[Dataset content]
....

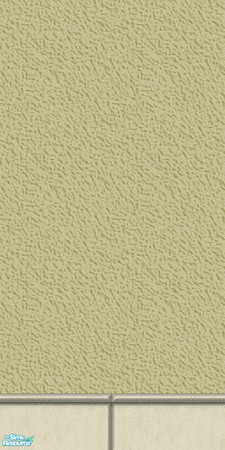 Sims 2 — Studio K Stucco & Plinth02 - Khaki by StudioKhagerks — 20 colors total. Can be found under Poured and can be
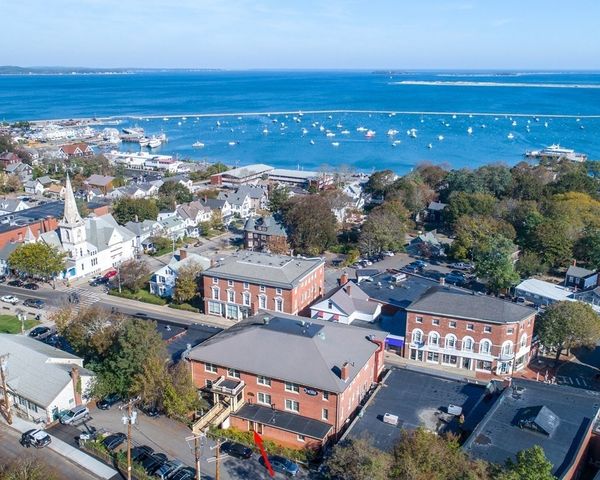 6A School St 6A, Plymouth, MA 02360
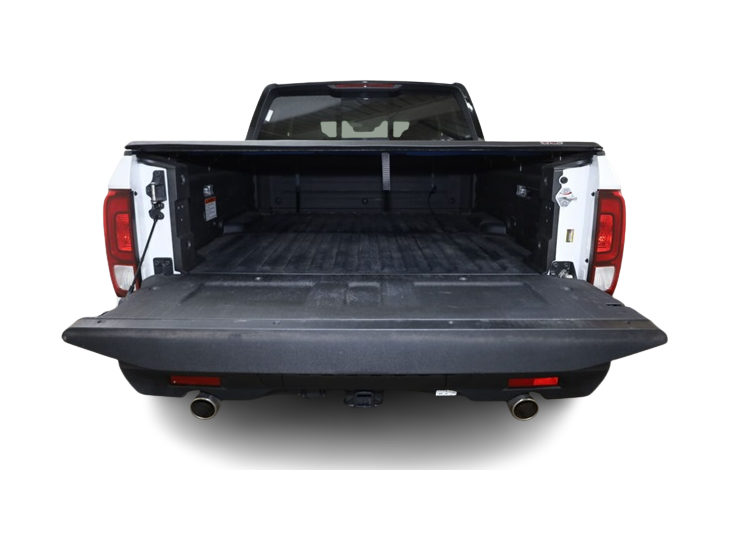 Thumbnail: 2023 Honda Ridgeline - 18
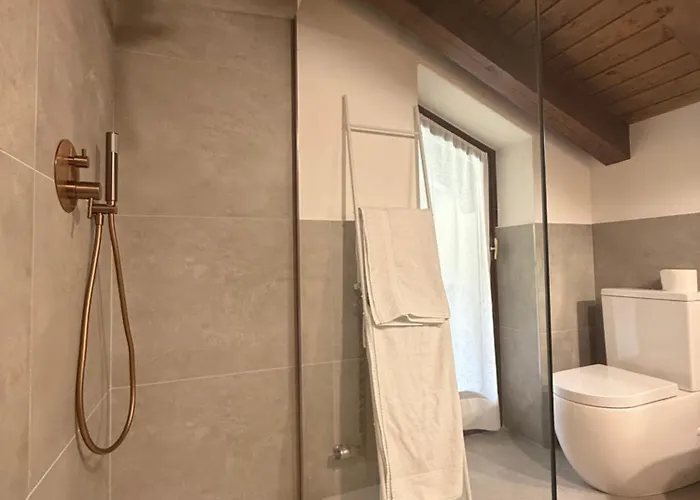 2br 2ba Terrace, Amazing View & Parking *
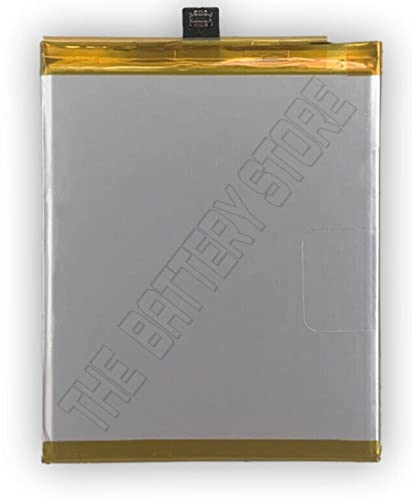 Image of THE BATTERY STORE Original B-C1 Battery for Compatible Vivo Y53 /Vivo 53i / Vivo 1606 Battery with 6 month warranty and high capacity battery backup. Carefully check your phone model and purchase. (FOR B-C1)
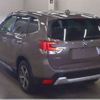 subaru forester 2022 CFJ1748566 image 4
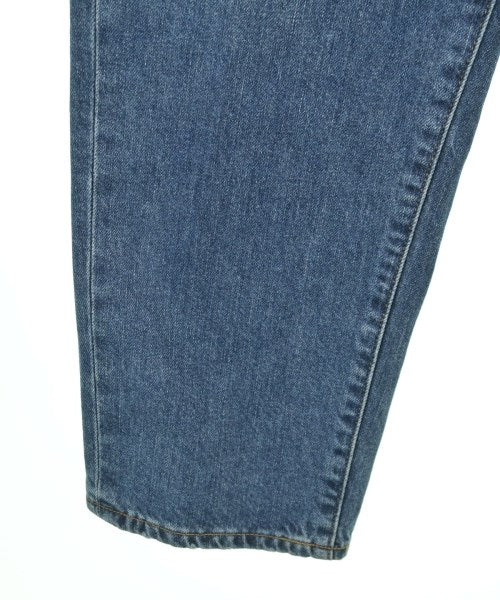 woadblue 牛仔褲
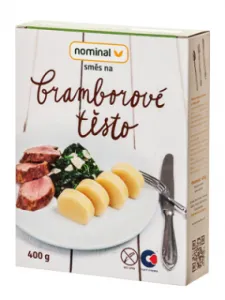 Nominal Směs na bramborové těsto 400 g BLP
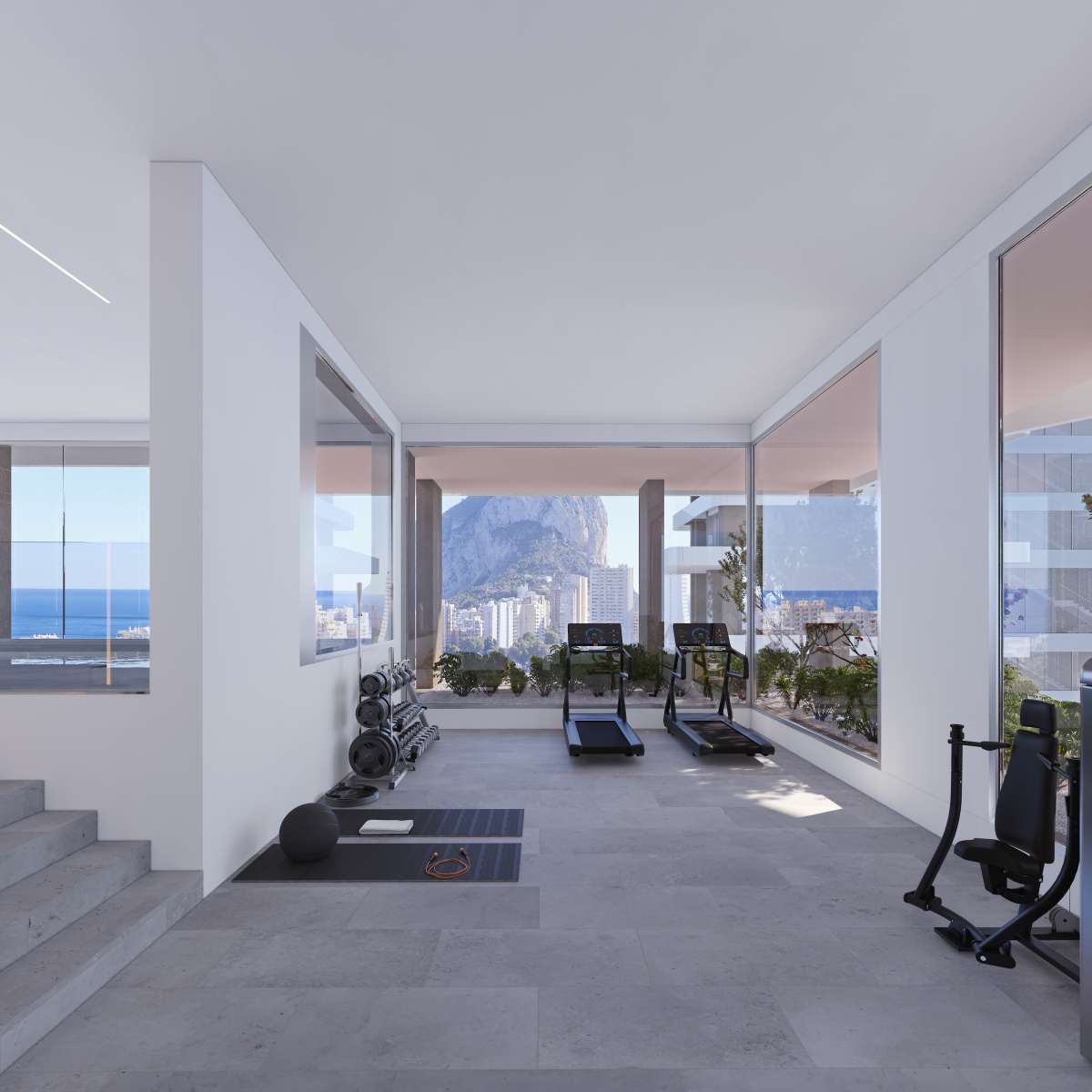 APARTAMENTO IN CALPE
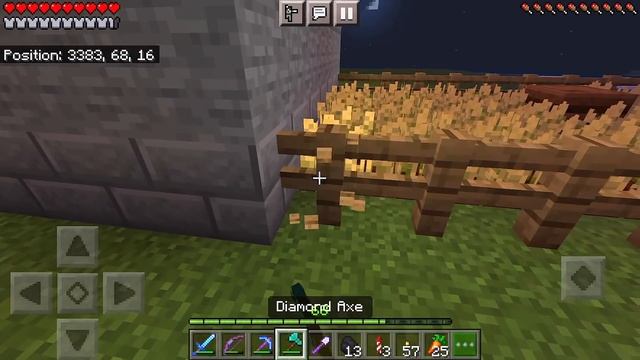 Minecraft: Bedrock Edition - Gameplay Walkthrough Part 154 - Ender Chest (iOS, Android)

....

Without copying any picture, write out the entries exactly.

 Sims 2 — Studio K Stucco & Plinth02 - Khaki by StudioKhagerks — 20 colors total. Can be found under Poured and can be
 6A School St 6A, Plymouth, MA 02360
 Thumbnail: 2023 Honda Ridgeline - 18
 2br 2ba Terrace, Amazing View & Parking *
 Image of THE BATTERY STORE Original B-C1 Battery for Compatible Vivo Y53 /Vivo 53i / Vivo 1606 Battery with 6 month warranty and high capacity battery backup. Carefully check your phone model and purchase. (FOR B-C1)
 subaru forester 2022 CFJ1748566 image 4
 woadblue 牛仔褲
 Nominal Směs na bramborové těsto 400 g BLP
 APARTAMENTO IN CALPE
 Minecraft: Bedrock Edition - Gameplay Walkthrough Part 154 - Ender Chest (iOS, Android)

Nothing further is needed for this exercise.